'12読書日記61冊目 『分析哲学講義』青山拓央

分析哲学講義 (ちくま新書)

分析哲学講義 (ちくま新書)

270p
総計16854p
やっぱり主色の面白さは最終講義「時間と自由」。叙述も平易でわかりやすいが、講義が進むに連れて難易度がまして行く構成に(期せずして?)なっているのも良い。この手の議論に親しみのない人なら講義7「可能世界と形而上学」、講義8「心の哲学の展望」、講義9「時間と自由」あたりが山場になりそう。だがしかし、この最後の三つの講義から格段にワクワクする感じが与えられるのも事実だろう。「時間と自由」では「今」の哲学が繰り広げられ、そこに膨大な荒野の存在が告げられる。問題の核心は、次の事実にある。
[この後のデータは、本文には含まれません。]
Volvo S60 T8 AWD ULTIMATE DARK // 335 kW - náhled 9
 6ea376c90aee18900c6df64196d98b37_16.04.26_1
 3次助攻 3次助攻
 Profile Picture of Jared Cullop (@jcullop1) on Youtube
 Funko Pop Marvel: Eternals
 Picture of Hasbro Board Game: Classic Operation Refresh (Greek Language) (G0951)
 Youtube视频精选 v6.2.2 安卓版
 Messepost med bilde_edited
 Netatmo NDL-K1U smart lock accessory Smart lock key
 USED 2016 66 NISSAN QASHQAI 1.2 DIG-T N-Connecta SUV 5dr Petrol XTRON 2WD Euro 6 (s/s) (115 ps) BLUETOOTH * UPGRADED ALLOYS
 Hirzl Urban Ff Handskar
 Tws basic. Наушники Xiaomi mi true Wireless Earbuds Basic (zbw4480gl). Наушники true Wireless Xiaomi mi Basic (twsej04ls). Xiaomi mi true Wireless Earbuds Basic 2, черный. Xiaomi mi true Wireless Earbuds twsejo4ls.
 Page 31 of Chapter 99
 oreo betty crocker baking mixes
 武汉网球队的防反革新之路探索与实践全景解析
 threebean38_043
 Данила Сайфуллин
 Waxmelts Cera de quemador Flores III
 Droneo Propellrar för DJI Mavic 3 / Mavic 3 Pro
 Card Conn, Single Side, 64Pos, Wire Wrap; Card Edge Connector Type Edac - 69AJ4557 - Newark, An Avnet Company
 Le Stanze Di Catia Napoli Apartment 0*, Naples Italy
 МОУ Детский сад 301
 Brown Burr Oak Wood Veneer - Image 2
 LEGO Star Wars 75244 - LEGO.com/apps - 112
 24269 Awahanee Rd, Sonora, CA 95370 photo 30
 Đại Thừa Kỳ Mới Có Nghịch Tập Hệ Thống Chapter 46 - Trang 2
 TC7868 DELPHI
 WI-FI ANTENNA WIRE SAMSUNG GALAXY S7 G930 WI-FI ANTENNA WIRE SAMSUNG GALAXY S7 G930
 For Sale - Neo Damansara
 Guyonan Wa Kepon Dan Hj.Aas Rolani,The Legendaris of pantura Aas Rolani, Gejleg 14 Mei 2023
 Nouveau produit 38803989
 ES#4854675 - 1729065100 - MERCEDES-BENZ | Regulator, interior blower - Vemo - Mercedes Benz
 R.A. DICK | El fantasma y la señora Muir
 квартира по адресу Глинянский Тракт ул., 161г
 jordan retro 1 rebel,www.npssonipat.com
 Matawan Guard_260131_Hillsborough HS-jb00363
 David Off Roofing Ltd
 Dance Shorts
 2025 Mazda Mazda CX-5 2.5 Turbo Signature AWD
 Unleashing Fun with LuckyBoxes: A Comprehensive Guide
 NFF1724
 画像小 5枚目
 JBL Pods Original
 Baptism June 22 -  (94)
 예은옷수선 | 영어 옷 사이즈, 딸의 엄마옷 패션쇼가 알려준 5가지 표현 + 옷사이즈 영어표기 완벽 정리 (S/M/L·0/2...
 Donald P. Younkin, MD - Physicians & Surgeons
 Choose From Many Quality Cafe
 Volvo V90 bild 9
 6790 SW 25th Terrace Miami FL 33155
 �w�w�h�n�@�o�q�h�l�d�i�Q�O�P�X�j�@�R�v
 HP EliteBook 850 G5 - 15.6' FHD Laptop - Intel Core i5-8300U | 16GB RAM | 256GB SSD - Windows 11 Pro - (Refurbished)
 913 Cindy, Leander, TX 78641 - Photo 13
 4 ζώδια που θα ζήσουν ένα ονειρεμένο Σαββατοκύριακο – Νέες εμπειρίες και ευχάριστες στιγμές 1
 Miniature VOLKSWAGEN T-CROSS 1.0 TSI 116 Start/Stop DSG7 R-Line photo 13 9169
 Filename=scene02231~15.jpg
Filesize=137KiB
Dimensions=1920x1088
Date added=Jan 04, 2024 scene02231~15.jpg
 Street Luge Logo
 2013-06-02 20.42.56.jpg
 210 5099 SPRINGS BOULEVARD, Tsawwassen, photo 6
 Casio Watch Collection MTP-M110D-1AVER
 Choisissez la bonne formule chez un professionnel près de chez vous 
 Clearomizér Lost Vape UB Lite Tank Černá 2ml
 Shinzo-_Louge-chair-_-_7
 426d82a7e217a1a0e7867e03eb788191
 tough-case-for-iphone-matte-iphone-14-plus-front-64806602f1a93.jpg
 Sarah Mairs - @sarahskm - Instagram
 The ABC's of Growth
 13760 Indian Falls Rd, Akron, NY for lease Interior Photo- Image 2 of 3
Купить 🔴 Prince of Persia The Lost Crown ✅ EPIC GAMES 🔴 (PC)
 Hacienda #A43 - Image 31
「今を観察する」という表現には、根本的な奇妙さがあります。私は過去や未来を直接観察することはできず、今の世界しか観察することはできませんが〔…〕、しかし、今そのものを観察することはありません。私は、今において世界を観察するのであり、世界において今を観察するのではないからです。(強調は引用者)

ここからどういうふうな哲学的議論が(そして科学における議論も含めて)展開されていくのか、僕は容易にまとめられないが、とにかくスリルがある。とりわけ、決断と可能性の分岐の問題が「今」から考えられるというところ、政治思想的に接合できるような気もした。